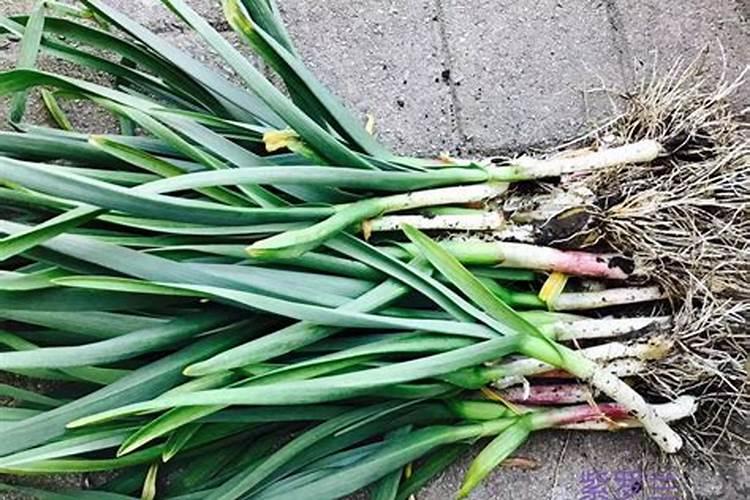 大祘上什么肥料最好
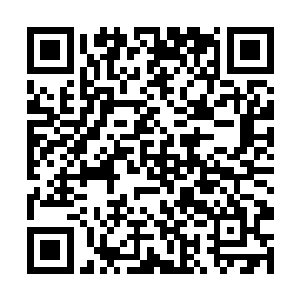 而且碧蓝海神是单纯的吞噬后衍生出大概的仙家模样二维码生成
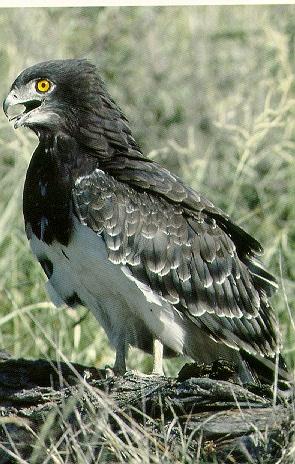 Pardosa birds Black-breasted snake eagle 008-on log.jpg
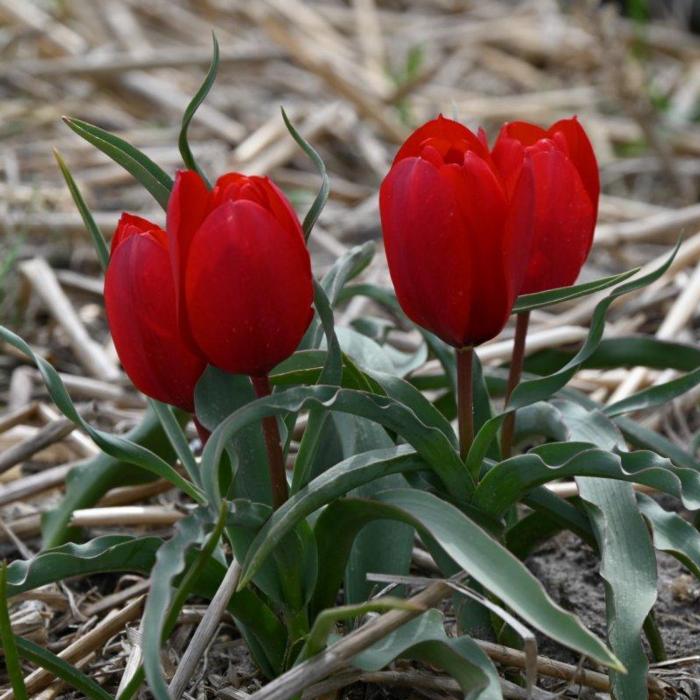 Tulipa montana plant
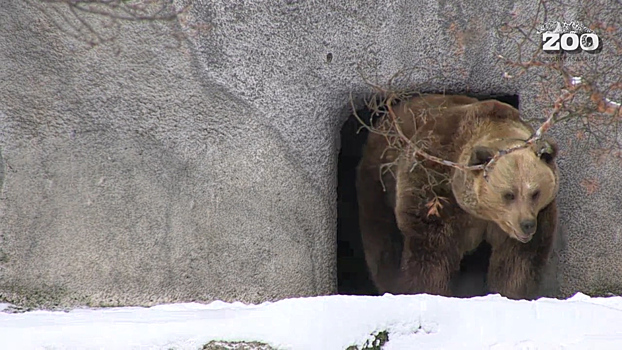 В финском зоопарке медведи проснулись на месяц раньше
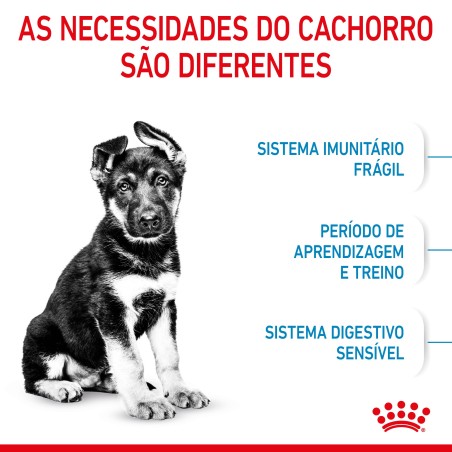 Royal Canin Puppy Maxi - Ração seca para cachorro de porte grande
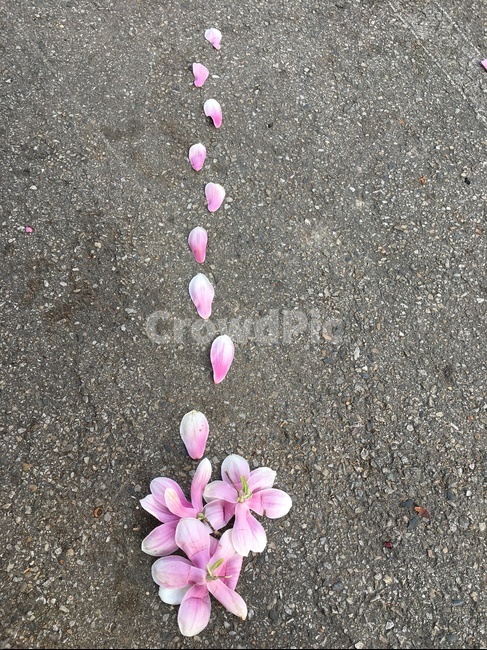 목련,목련꽃길,꽃길,발자국,발자욱,꽃발자국,꽃발자욱,홍목련,아스발트,아스팔트
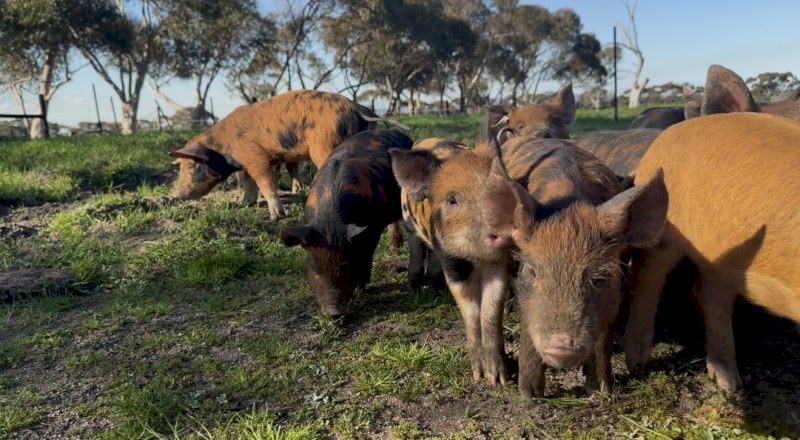 Spit Piglets x 33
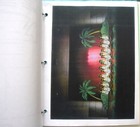 Bild 12 von 20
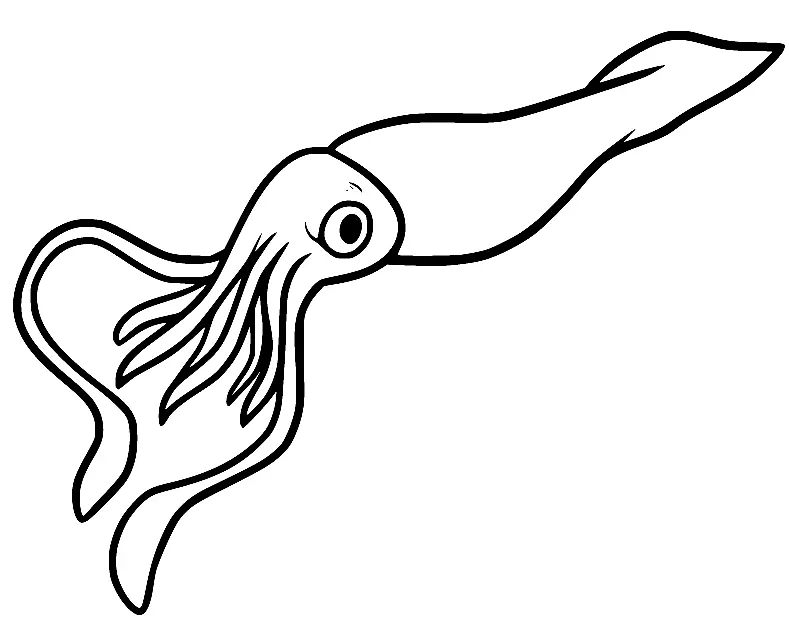 Squid Coloring Pages 15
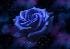 darsha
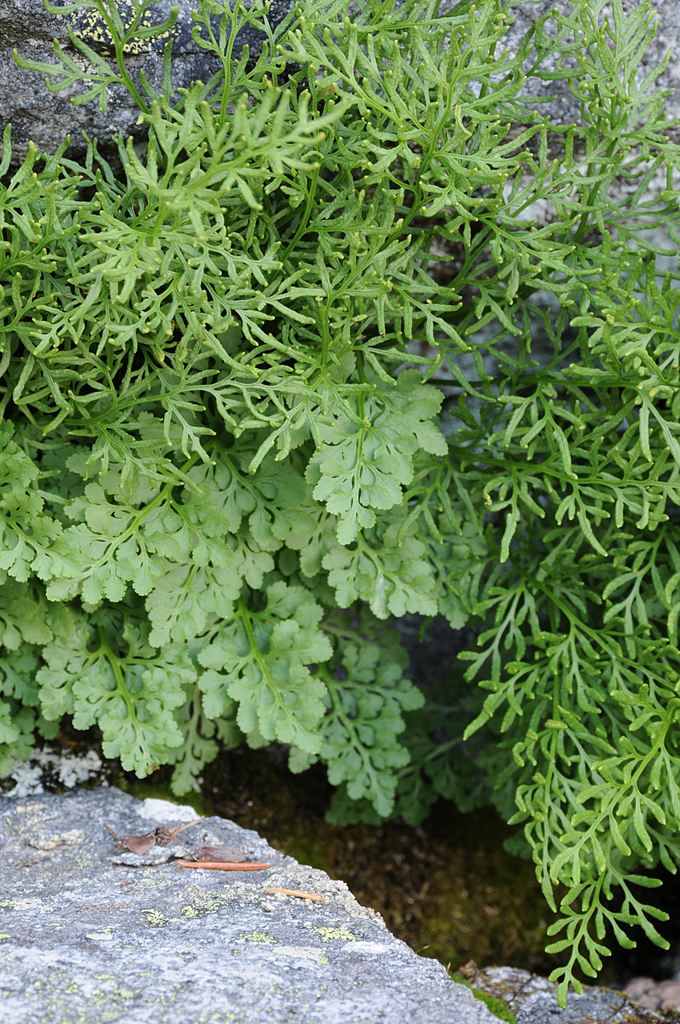 Cryptogramma cascadensis (Cascade parsley fern), native California herb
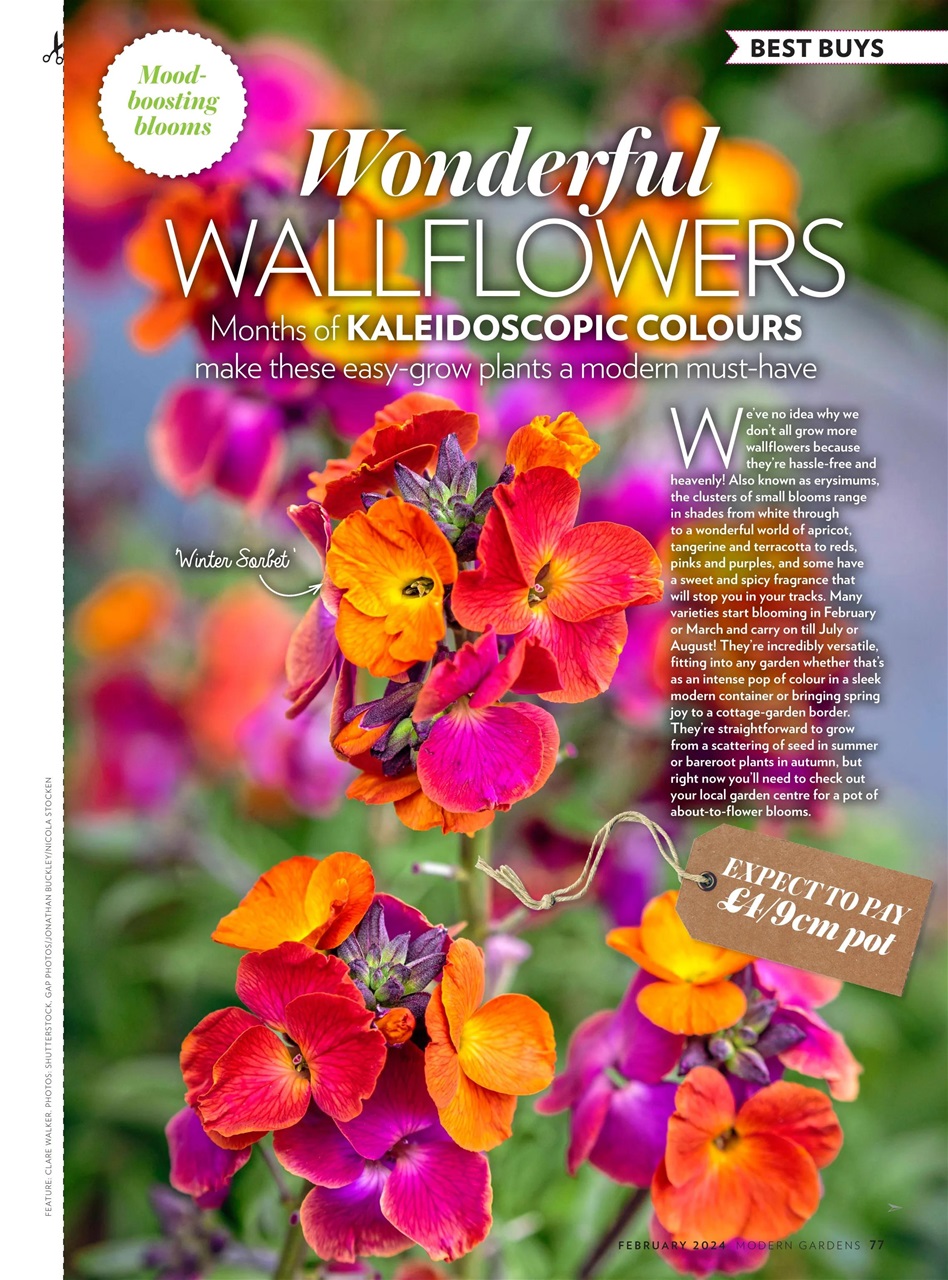 Modern Gardens Preview Pages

* [Brief] Give back exactly the lines from the line with "В финском зоопарке" through the end of the material above, and omit every picture.

* [Task output]
 В финском зоопарке медведи проснулись на месяц раньше
 Royal Canin Puppy Maxi - Ração seca para cachorro de porte grande
 목련,목련꽃길,꽃길,발자국,발자욱,꽃발자국,꽃발자욱,홍목련,아스발트,아스팔트
 Spit Piglets x 33
 Bild 12 von 20
 Squid Coloring Pages 15
 darsha
 Cryptogramma cascadensis (Cascade parsley fern), native California herb
 Modern Gardens Preview Pages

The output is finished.